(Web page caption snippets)

□ □ □

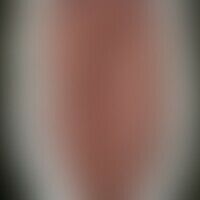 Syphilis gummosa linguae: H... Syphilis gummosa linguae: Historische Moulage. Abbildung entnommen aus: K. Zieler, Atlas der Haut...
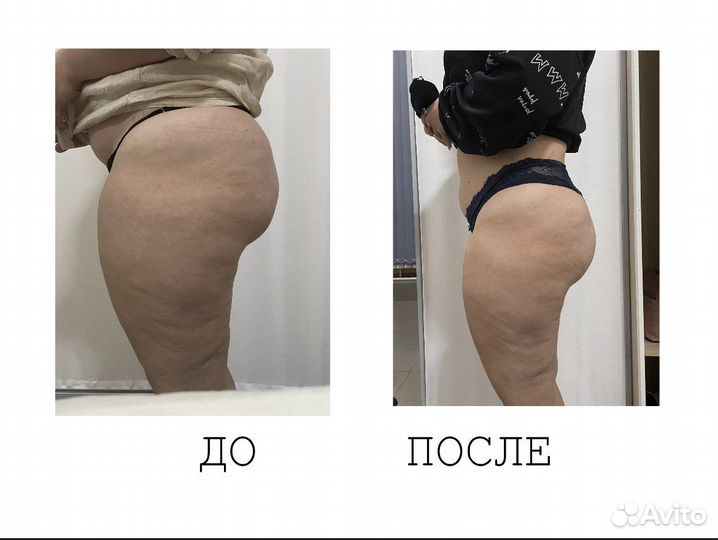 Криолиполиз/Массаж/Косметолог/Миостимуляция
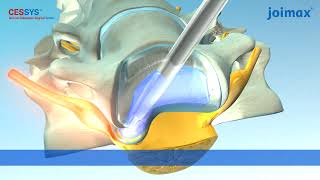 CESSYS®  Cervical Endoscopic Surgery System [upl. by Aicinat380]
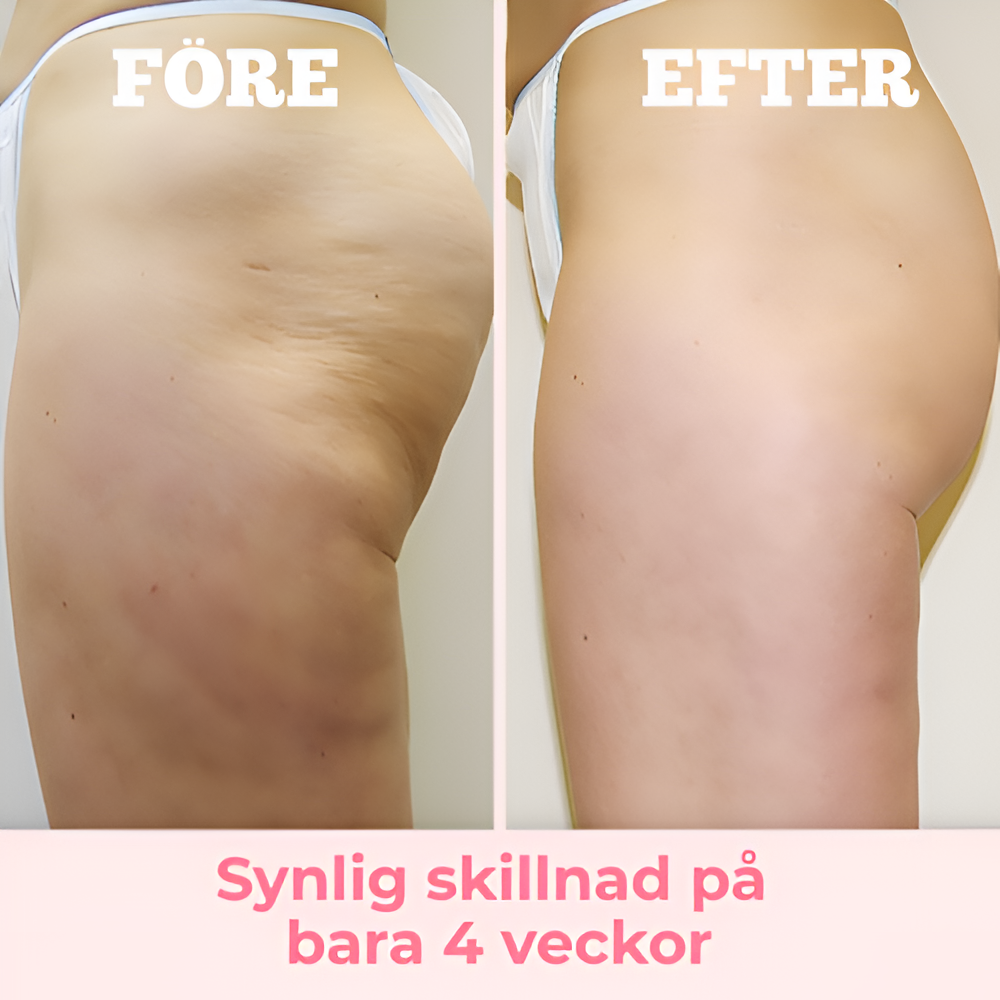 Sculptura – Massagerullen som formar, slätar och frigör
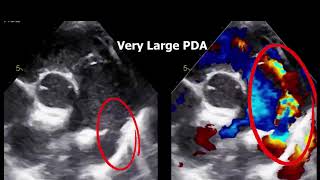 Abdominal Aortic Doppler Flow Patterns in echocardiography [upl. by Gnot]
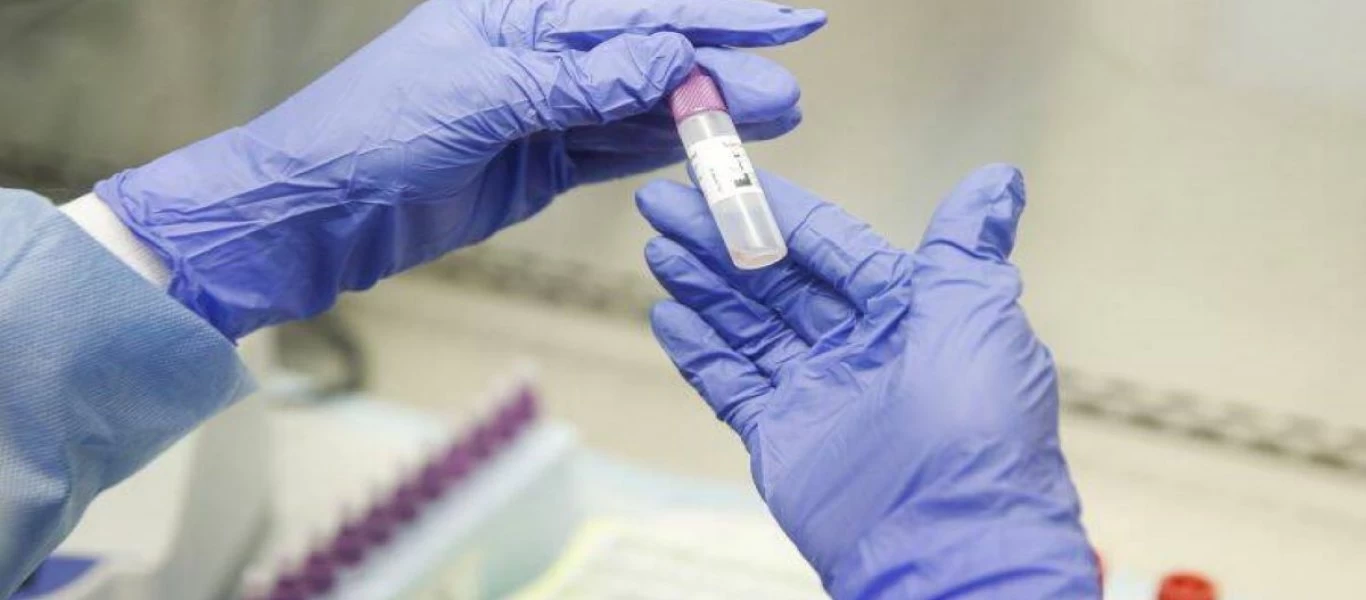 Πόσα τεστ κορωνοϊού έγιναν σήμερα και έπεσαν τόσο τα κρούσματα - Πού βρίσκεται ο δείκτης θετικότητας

□ □ □

WHAT THE TASK REQUIRES: Begin at the line containing "Sculptura – Massagerullen" and stop at the final line of the data. Retype those lines exactly, without the pictures.

ANSWER BELOW:
 Sculptura – Massagerullen som formar, slätar och frigör
 Abdominal Aortic Doppler Flow Patterns in echocardiography [upl. by Gnot]
 Πόσα τεστ κορωνοϊού έγιναν σήμερα και έπεσαν τόσο τα κρούσματα - Πού βρίσκεται ο δείκτης θετικότητας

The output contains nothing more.